Looking at this, you might get the idea that if we change the function’s environment and set our dynamic variables in it specifically, once we leave the lexical scope of that _ENV
, all changes revert to normal because they never happened in a global environment!
Unfortunately, it’s not that simple.
Yes, we can change the function’s environment, but it will only affect that specific function.
Moreover, this change is permanent, meaning that we’ll have to reset the function back to its original environment.

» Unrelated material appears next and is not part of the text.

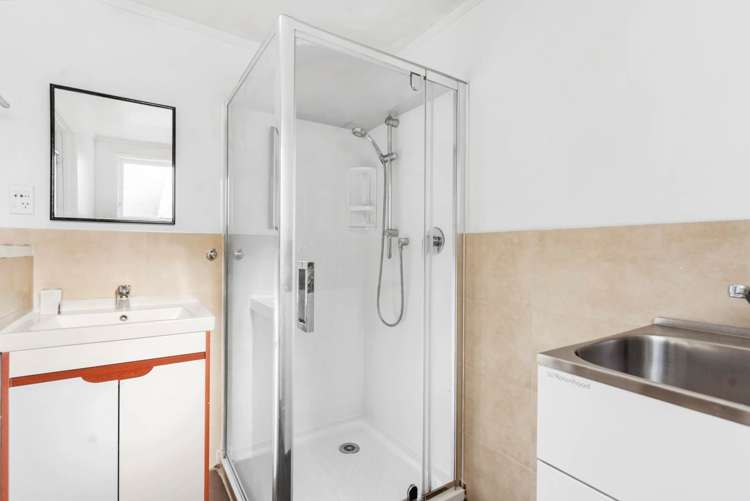 73 Chartwell Avenue Glenfield_12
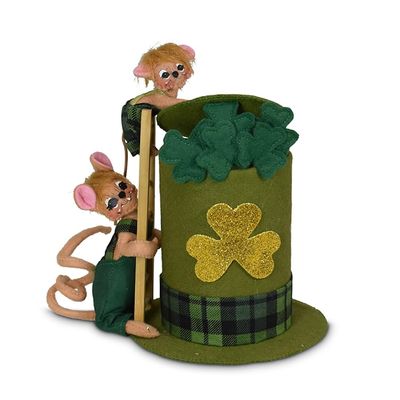 Annalee St. Patrick's Day Collection (7in Top Hat Teamwork)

So, it’s not as straightforward as just changing _ENV
around the code we want to run.
Of course, we could write getfenv
, then wrap the entire thing in a pcall
, and safely restore the environment once the work is done.
However, we can’t set the environment of just the function we’re calling.
_ENV
is stored in a closure, so we’ll need to change all of the functions called by the function we wish to invoke with a custom environment.
This makes undoing changes trickier to implement.
Luckily for us, we can bypass the need to roll back the changes to the function’s environment completely! Instead, we can simply clone the function and set its environment as we wish! Here’s an implementation:
(fn clone-function-with-env [f env]
"Recursively clones the function `f`, and any subsequent functions that it
might call via upvalues. Sets `env` as environment for the cloned function."
(let [dumped (string.dump f)
cloned (load dumped)]
(var (done? i) (values false 1))
(while (not done?)
(case (debug.getupvalue f i)
(where (name val) (= :function (type val)))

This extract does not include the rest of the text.